- Exercise
With the pictures removed, retype the lines from the one holding "Siemens lastbrytare, svart, 4-polig, 16" through the end of the records, exactly as written.

-=-=-=-=-

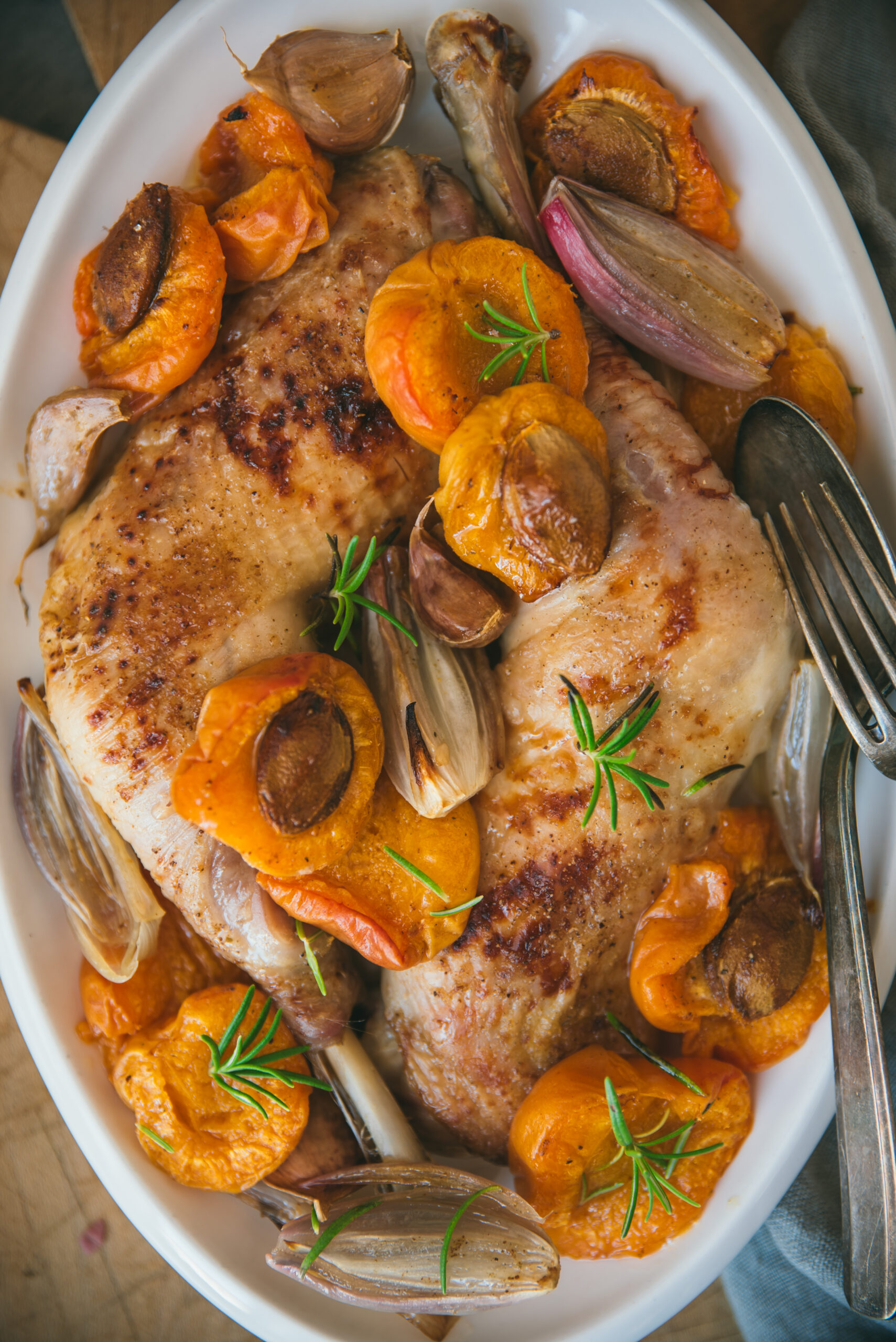 recette cuisse poulet abricots rotis au four
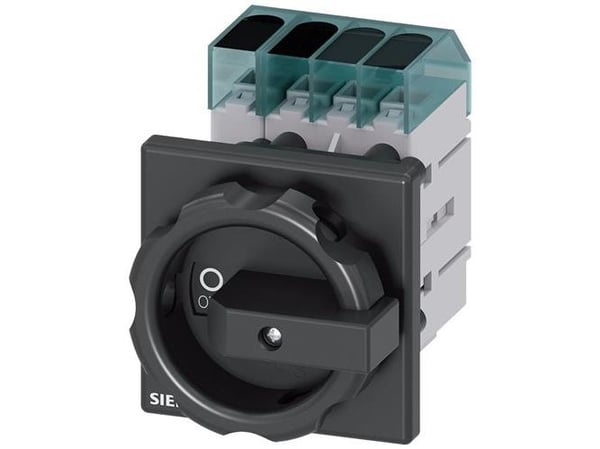 Siemens lastbrytare, svart, 4-polig, 16 mm², 32 A, 690 V/AC, 3LD32540TL51, 4P, IP65, 60 mm, 79 mm, 85 mm, 110 mm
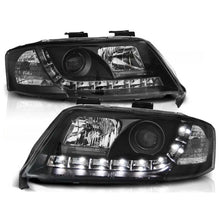 Carica l'immagine nel visualizzatore di Gallery, Set fari anteriori con LED luci per Audi A6 C5 05.1997-05.2001 berlina/wagon, sinistro e destro tuning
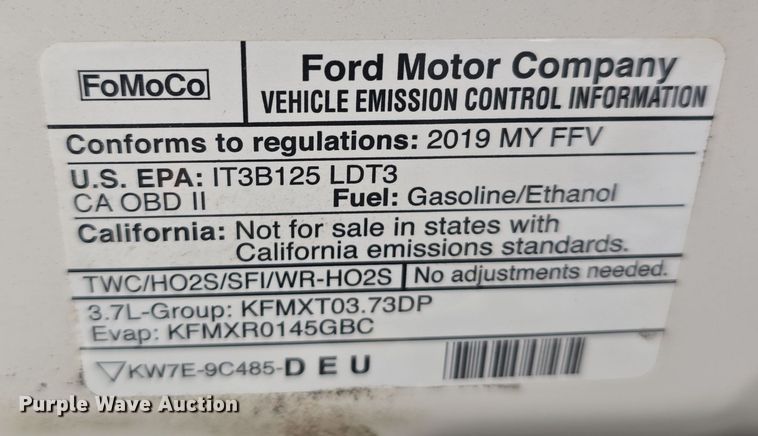 image for item EH8791 2019 Ford Explorer Police Interceptor SUV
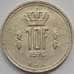 Монета Люксембург 10 франков 1976 КМ57 AU (J05.19) арт. 16173
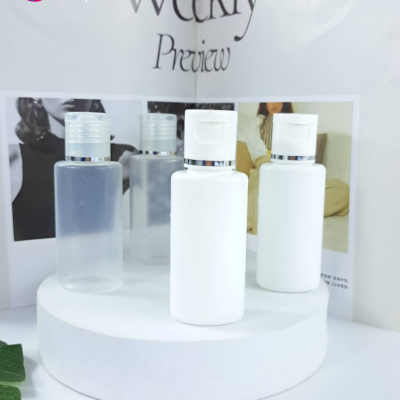 ขวดพลาสติกต่างๆ : ขวดแชมพู 50ml ขาว ใส
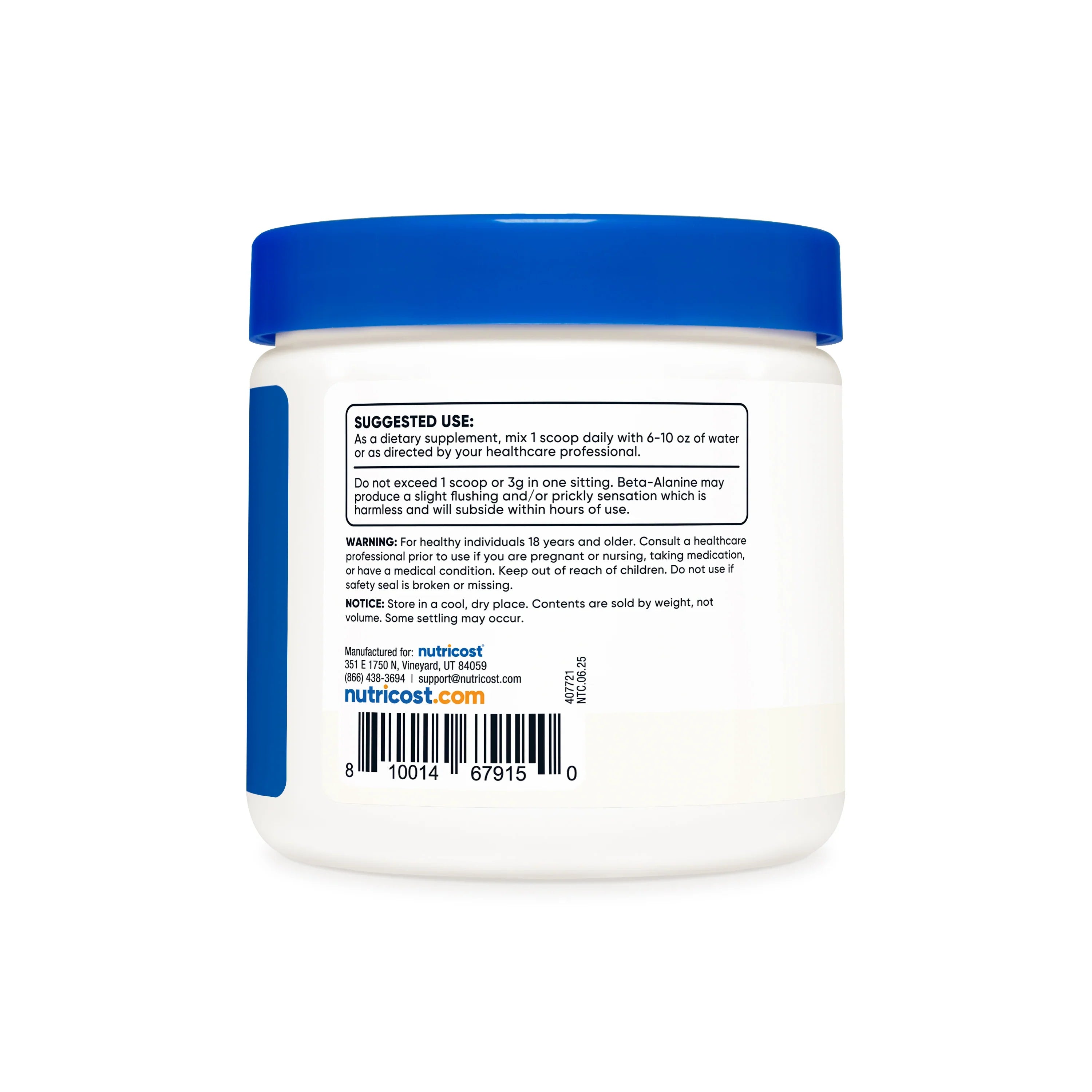 Nutricost Beta Alanine Powder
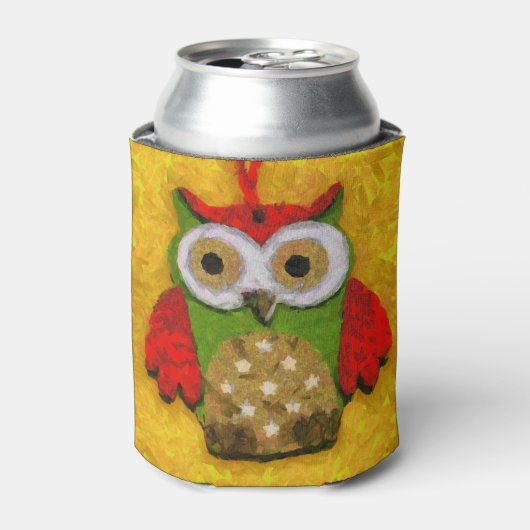 Uilenschilderij Blikjeskoeler (Blikje Voorkant)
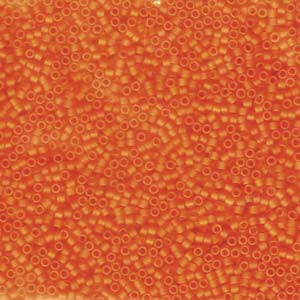 Matte Transparent Orange Miyuki Delica Beads 11/0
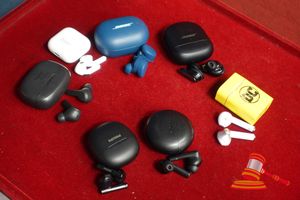 21 · 7 X PAIRS OF EARBUDS MARKED BOSE (2), DC, JBL, OPPO, PHILLIPS, FUSE. IN ASSORTED USED CONDITION. UNTESTED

-=-=-=-=-

- Answer
 Siemens lastbrytare, svart, 4-polig, 16 mm², 32 A, 690 V/AC, 3LD32540TL51, 4P, IP65, 60 mm, 79 mm, 85 mm, 110 mm
 Carica l'immagine nel visualizzatore di Gallery, Set fari anteriori con LED luci per Audi A6 C5 05.1997-05.2001 berlina/wagon, sinistro e destro tuning
 image for item EH8791 2019 Ford Explorer Police Interceptor SUV
 Монета Люксембург 10 франков 1976 КМ57 AU (J05.19) арт. 16173
 ขวดพลาสติกต่างๆ : ขวดแชมพู 50ml ขาว ใส
 Nutricost Beta Alanine Powder
 Uilenschilderij Blikjeskoeler (Blikje Voorkant)
 Matte Transparent Orange Miyuki Delica Beads 11/0
 21 · 7 X PAIRS OF EARBUDS MARKED BOSE (2), DC, JBL, OPPO, PHILLIPS, FUSE. IN ASSORTED USED CONDITION. UNTESTED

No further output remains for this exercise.